-- ASSIGNED TASK --
Before writing anything, find the line that contains "Mujer joven aplicándose", then retype the entries below exactly from their first line through that one, without pictures.

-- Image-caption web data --
━━━━━━━━━━━━━━━━━━━━━━━━━━━━━━
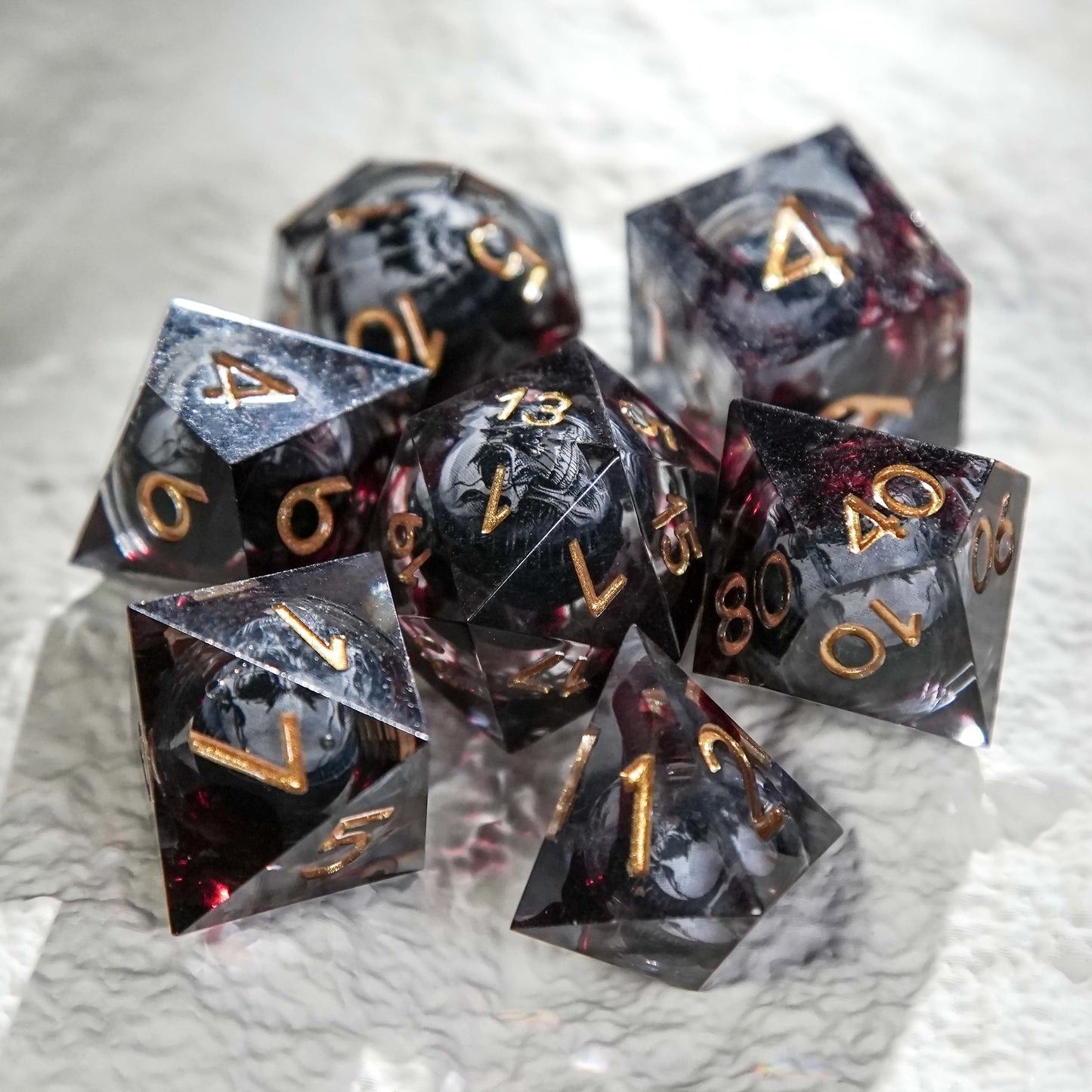 Juego de dados de resina con núcleo de calavera, mancha de sangre negra y números dorados 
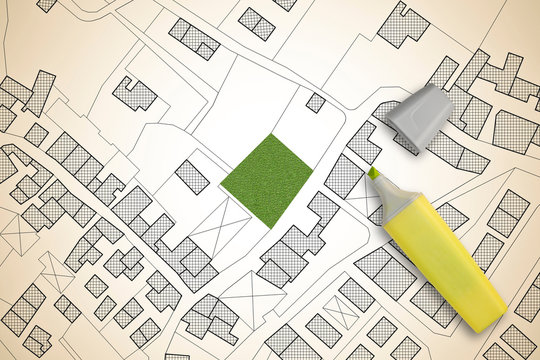 Imaginary cadastral map of territory with a free green land available for building construction - concept image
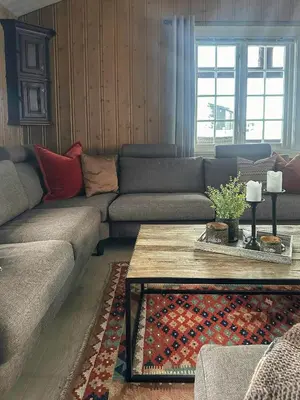 a living room with a couch and a coffee table at Cottage Near Grønnsenknipa With Skiing And Hiking in Ron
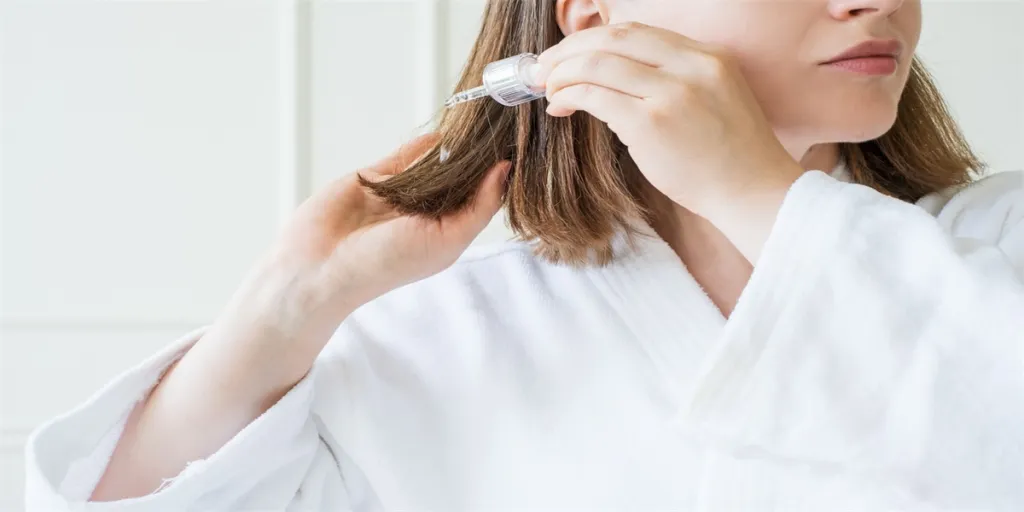 Mujer joven aplicándose aceite en el cabello con una pipeta sobre fondo blanco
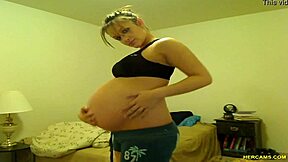 What happens when horny teen slut Tori Taylor teases with big tits and masturbates in blue shorts on webcam?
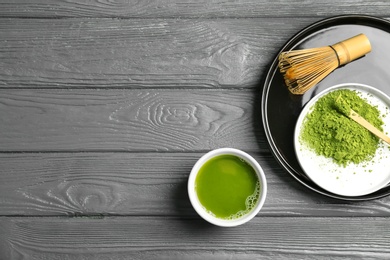 Flat lay composition with matcha tea on wooden background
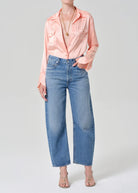 Person wearing a pink blouse and blue jeans on a white background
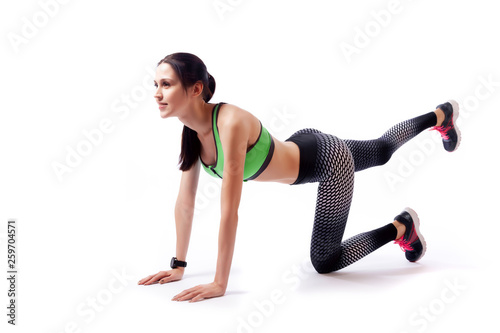 A dark-haired woman coach in a sporty short top and gym makes and stretch legs, doing exercise on a white isolated background in studio. Fit girl living an active lifestyle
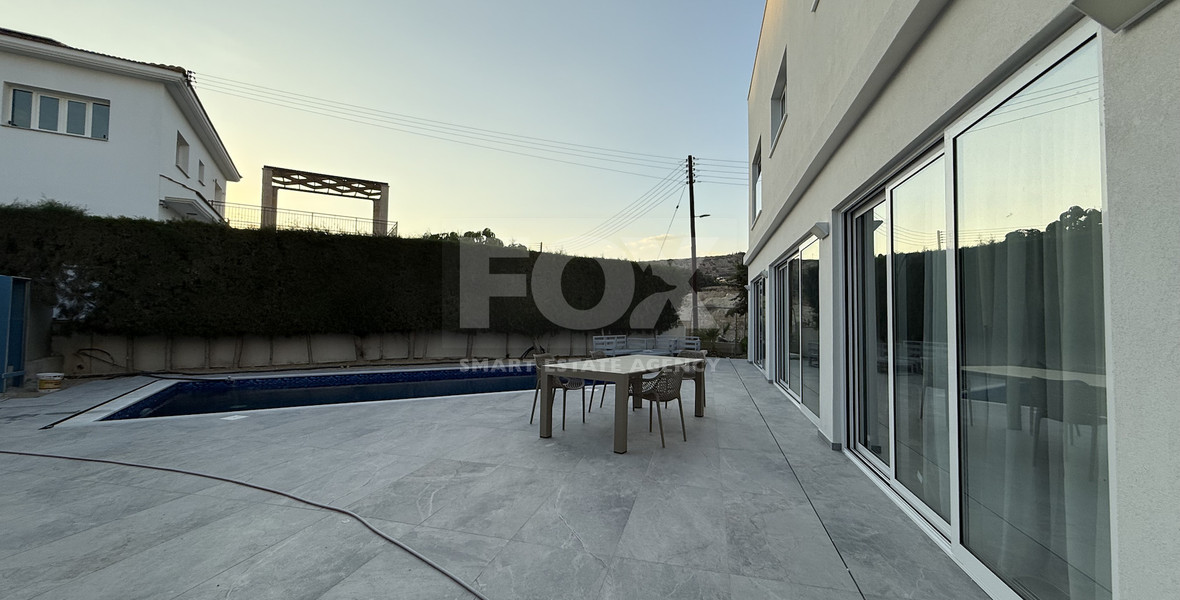 FOR RENT FURNISHED FIVE BEDROOM VILLA IN AGIOS TYCHONAS WITH ALL EN SUITE BEDROOMS , LARGE GARDEN, SWIMMING POOL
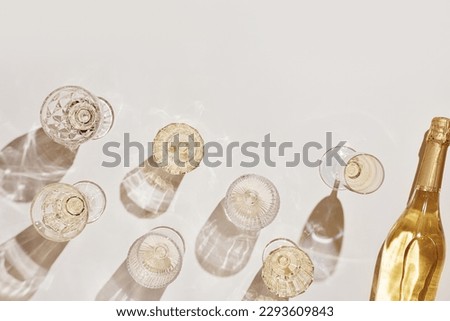 Summer party drinks flat lay, wine glasses with white sparkling wine and sunshine shadow on light table. Minimal pattern with beautiful wine glasses, above view still life, beige golden neutral color Royalty-Free Stock Photo #2293609843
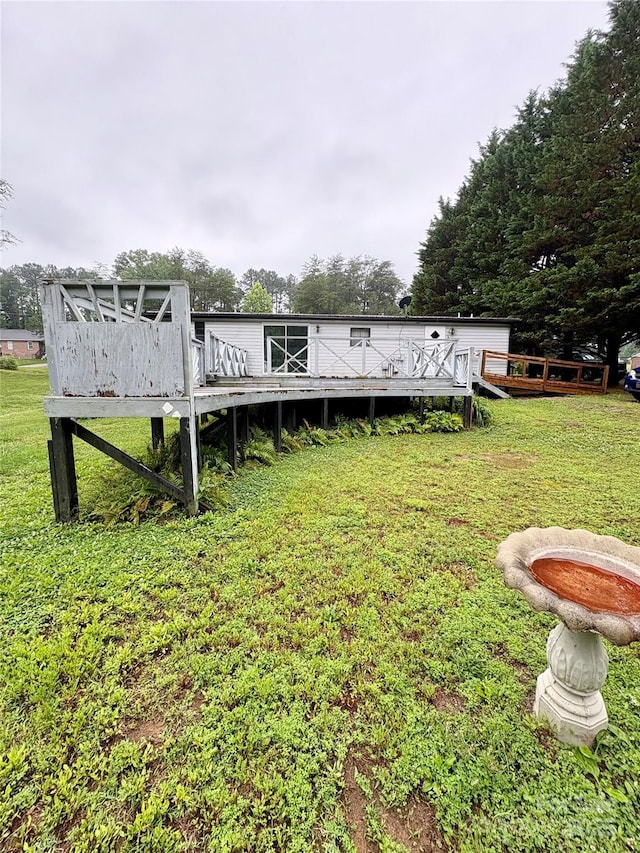 5022 Wrenn Dr, Denver, NC 28037 - view of grassy yard with a wooden deck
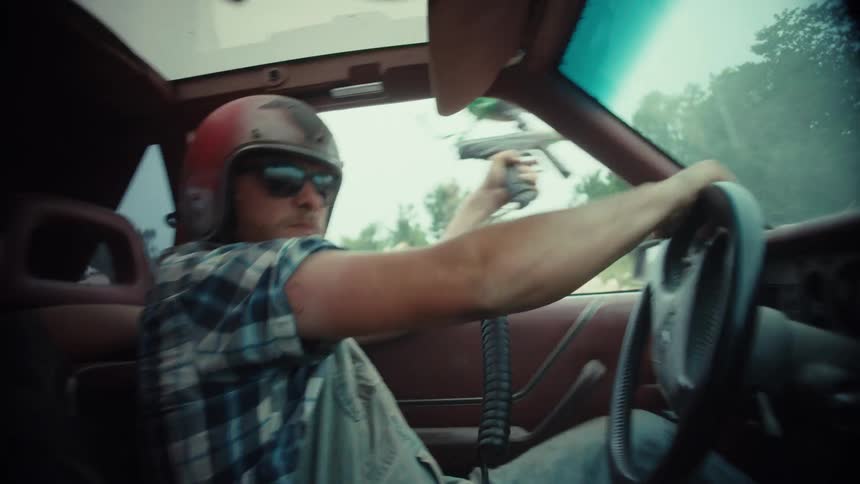 A man wearing a helmet and sunglasses chaotically drives a car while shooting a paintball gun out the window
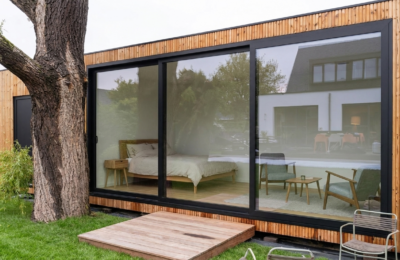 Modulair gastenverblijf of bijwoonst op maat in een Vlaamse tuin, met houten gevel en grote glazen schuifdeuren.
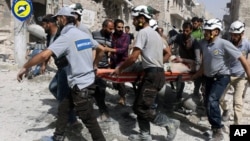 Sept. 21, 2016, file photo, provided by the Syrian Civil Defense White Helmets, rescue workers work the site of airstrikes in the al-Sakhour neighborhood of the rebel-held part of eastern Aleppo, Syria.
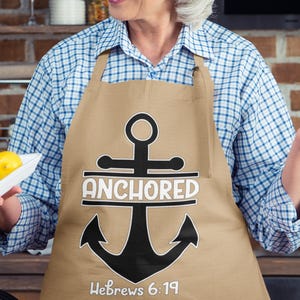 May include: A tan apron with a black anchor and the text "Anchored Hebrews 6:19".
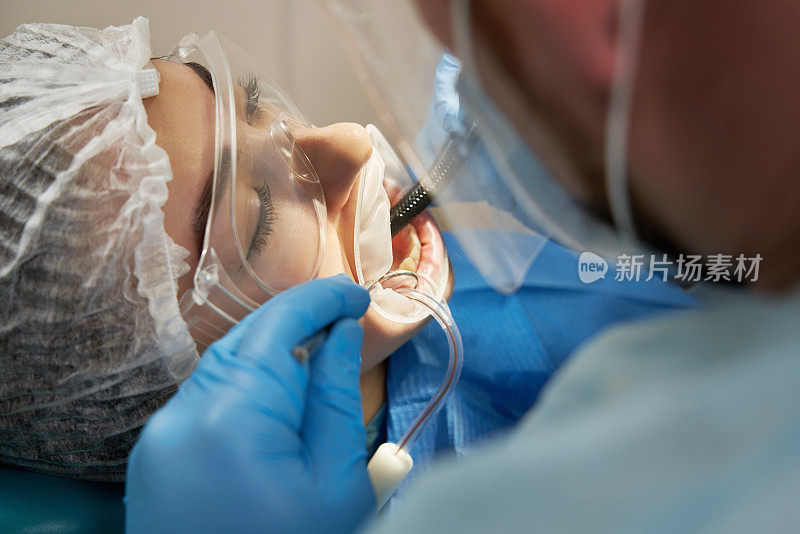 牙医在牙科椅上给男病人钻孔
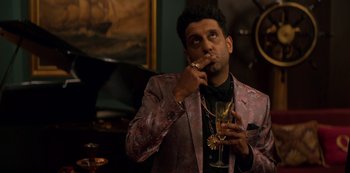 Movie still from “Murder Mystery” (2019), directed by Kyle Newacheck – A man wearing a suit and holding a glass of wine; Close Up shot, Over the shoulder angle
━━━━━━━━━━━━━━━━━━━━━━━━━━━━━━
-- ANSWER TO THE EXERCISE --
 Juego de dados de resina con núcleo de calavera, mancha de sangre negra y números dorados 
 Imaginary cadastral map of territory with a free green land available for building construction - concept image
 a living room with a couch and a coffee table at Cottage Near Grønnsenknipa With Skiing And Hiking in Ron
 Mujer joven aplicándose aceite en el cabello con una pipeta sobre fondo blanco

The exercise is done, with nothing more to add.